**Required action**
Only the lines from the one with "Load image into" to the end of the data below should be returned, each exactly as it stands.

**Data segment**

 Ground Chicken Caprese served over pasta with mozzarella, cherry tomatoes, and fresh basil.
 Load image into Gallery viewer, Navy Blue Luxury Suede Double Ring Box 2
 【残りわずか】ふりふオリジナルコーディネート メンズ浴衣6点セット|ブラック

**Completed task**
 Load image into Gallery viewer, Navy Blue Luxury Suede Double Ring Box 2
 【残りわずか】ふりふオリジナルコーディネート メンズ浴衣6点セット|ブラック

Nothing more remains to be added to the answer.